Zudem ist nach den Ausführungen unter 1. nichts dafür ersichtlich, dass die Zulassungsentscheidung im Falle einer Anhörung der Klägerin in Frage gestellt worden wäre. Eigene materiell-rechtliche Belange der Klägerin wurden nicht in rechtsfehlerhafterweise unberücksichtigt gelassen. Mit der Zulassung des Vorhabens ist kein unzumutbarer und damit rücksichtsloser Eingriff in das Eigentum der Klägerin (Art. 14 Abs. 1 GG) verbunden. Infolge der Realisierung des Vorhabens ergibt sich nach den vorliegenden Berechnungen und insbesondere den Ausführungen des Wasserwirtschaftsamtes im Hinblick auf die Hochwassersituation am klägerischen Grundstück keine nennenswerte Veränderung gegenüber dem Status quo. Auch wären im Rahmen einer etwaigen Planfeststellung laut Auskunft des Vertreters des Wasserwirtschaftsamtes in der mündlichen Verhandlung von Beigeladenenseite keine weitergehenden hydraulischen Berechnungen gefordert worden. Vielmehr hätten die Gutachter auch in diesem Fall – entsprechend den fachlichen Vorgaben des Wasserwirtschaftsamtes – einen HQ100-Lastfall zugrunde legen müssen. Eine darüber hinausgehende Untersuchung geringerer Lastfälle (HQ10, HQ20 etc.) wäre mithin nicht verlangt worden, zumal der Vertreter des Wasserwirtschaftsamtes auch insoweit nennenswerte Auswirkungen auf die Hochwassersituation des klägerischen Grundstücks ausschloss (vgl. Ausführungen unter Punkt 1). Rechtlich zwingende Vorgaben nach der BayWPBV (Verordnung über Pläne und Beilagen in wasserrechtlichen Verfahren) bestehen insoweit nicht; vielmehr obliegen Umfang und Bezugspunkte der einzuholenden Berechnungen der Einschätzung der Fachbehörde im konkreten Einzelfall.
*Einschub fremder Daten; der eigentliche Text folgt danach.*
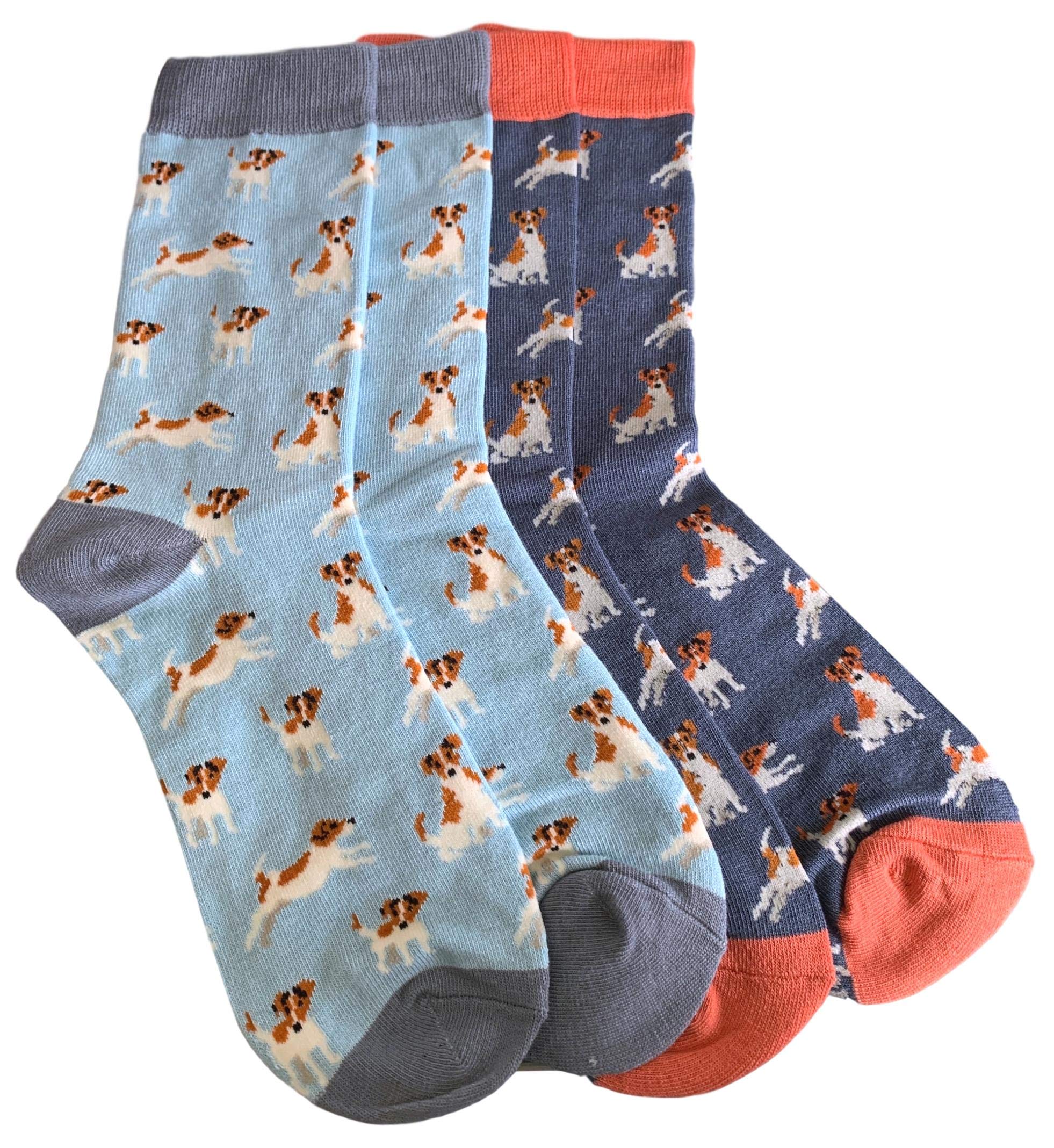 Purple Possum® Socks Jack Russell Dog Print Ladies Blue Multi Pack Soft Bamboo Cotton Blend Dogs Sock Gift Idea (Light Blue/Dark Blue)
Die Kostenentscheidung beruht auf §§ 154 Abs. 1, 162 Abs. 3 VwGO. Als unterlegene Beteiligte hat die Klägerin die Kosten des Verfahrens zu tragen. Da die Beigeladene sich nicht durch Stellung eines Antrags einem eigenen Kostenrisiko ausgesetzt hat, entspricht es der Billigkeit, ihre außergerichtlichen Kosten nicht für erstattungsfähig zu erklären.
Die Entscheidung über die vorläufige Vollstreckbarkeit der Kostenentscheidung folgt aus § 167 VwGO i. V. m. §§ 708 f. Zivilprozessordnung – ZPO -.